The modern State of Israel continues to struggle with its identity.

Is this a Jewish State or a state where some Jews happen to live?

I’ve seen two manifestations of this problem already this week.

Yesterday it was the Jewish State bill. One argument about that bill is whether to emphasize the Jewish nature of Israel or its democratic nature. (As an aside, I’m almost 100% certain that most Israelis have no clue what democracy means.)

Now there are reports in Arutz 7 that some Kenesset members are upset that soldiers in the IDF are “too” religious.

In an open discussion held by the Foreign Affairs and Defense Committee’s Subcommittee for Personnel in the IDF on Monday [November 24], the Knesset looked into the phenomenon that saw numerous IDF units visiting the Kotel (Western Wall) and other Jewish sites during the operation [Operation Protective Edge]. The Knesset session was surprisingly framed as a talk about “religious radicalization.”

I’ve been under the impression that all new recruits to the IDF hold ceremonies at the Kotel. And all of them are given a Tanach.

That’s already pretty radical.

One of the topics to be raised in the discussion was the message sent by Givati Brigade Commander Col. Ofer Winter to his troops at the start of the operation, in which he wrote the brigade was going out against “the terrorist Gazan enemy that curses, reviles and insults the G-d of the campaigns of Israel.”

The invocation of G-d made a stir in the media, and led Defense Minister Moshe Ya’alon (Likud) to criticize Winter, noting not all IDF soldiers are religious, or even Jewish.

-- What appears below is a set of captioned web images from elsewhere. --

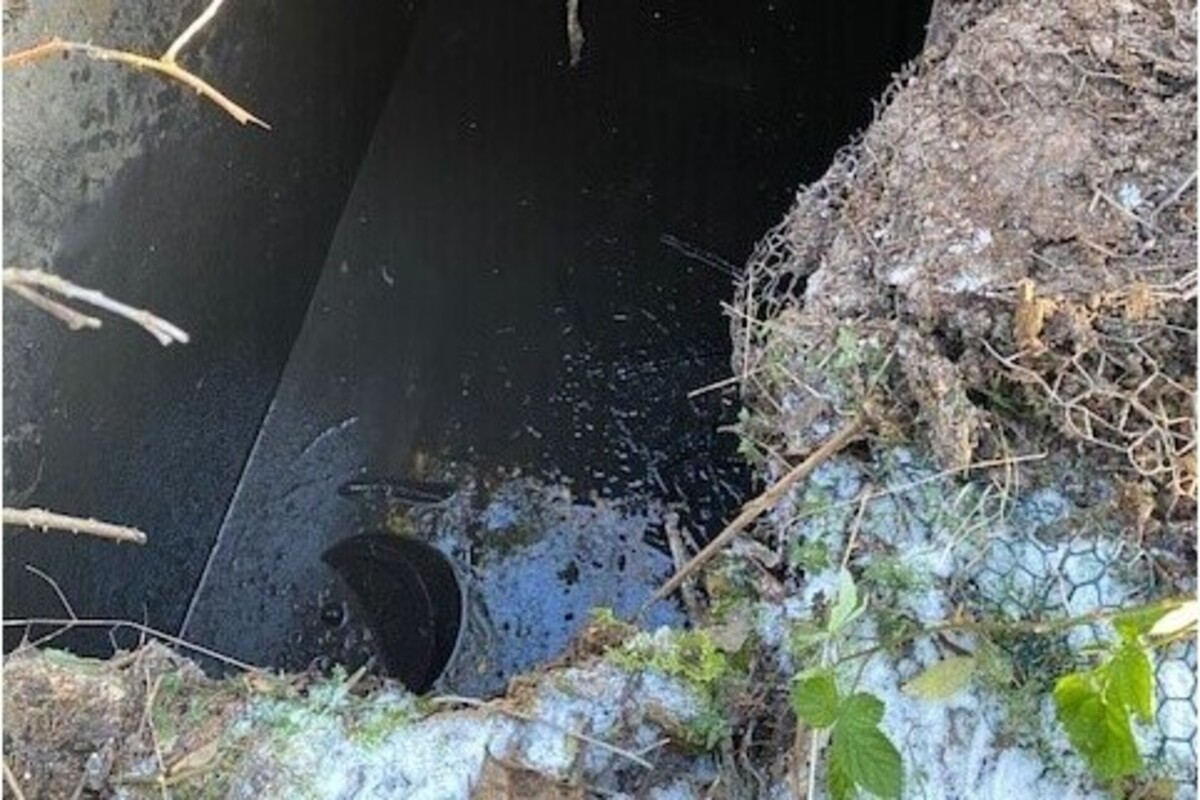 Stuttgart - Reh aus Wassergrube gerettet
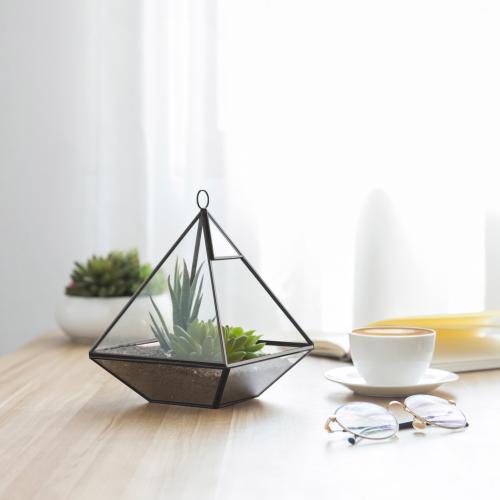 Hanging Glass Pyramid Terrarium Case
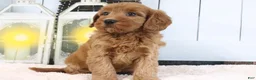 Mini Goldendoodle dogs for sale: Libby - Ad 4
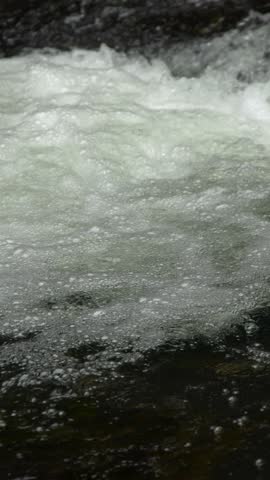 A medium shot captures turbulent white water flowing rapidly over rocks in a tropical stream
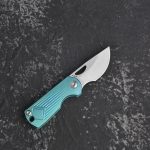 Нож CH KNIVES Toad D2 Titanium Green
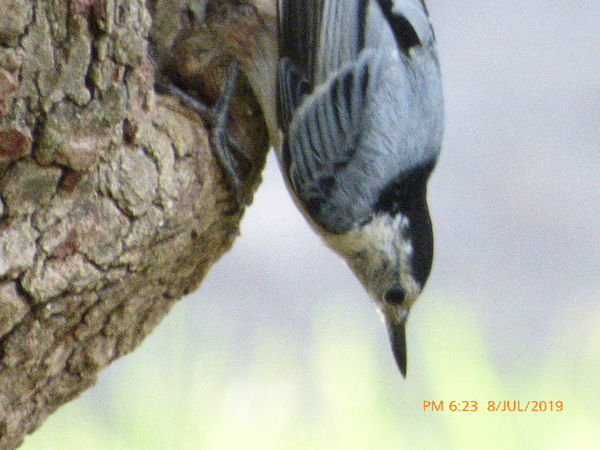 Nuthatch normally looking down...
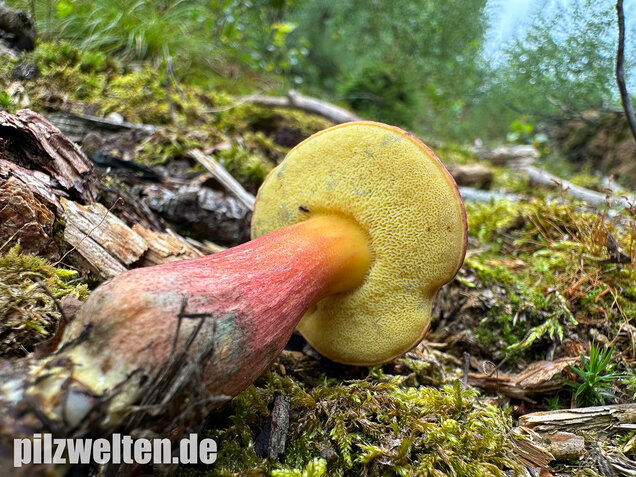 Blutroter Filzröhrling, Blutroter Gartenfilzröhrling, Hortiboletus rubellus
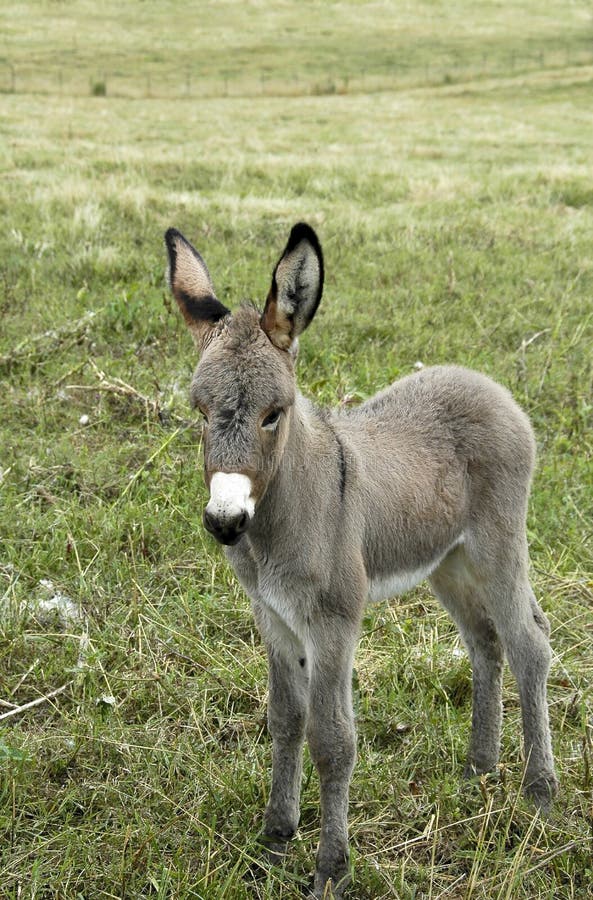 Baby Donkey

I’ll point out to the Defense Minister that even though not all soldiers are religious, and not all of them are Jewish, our enemies in Gaza wanted them all dead, along with all the rest of the Jewish people.

Any soldier who felt left out by Col. Winter’s message should go find another country to live in.

In addition, Minister Ya’alon and the Kenesset should spend their time rethinking the idea of warning our enemies where the next attack is coming. That “humanitarian” tactic killed more IDF soldiers than any trips to the Kotel.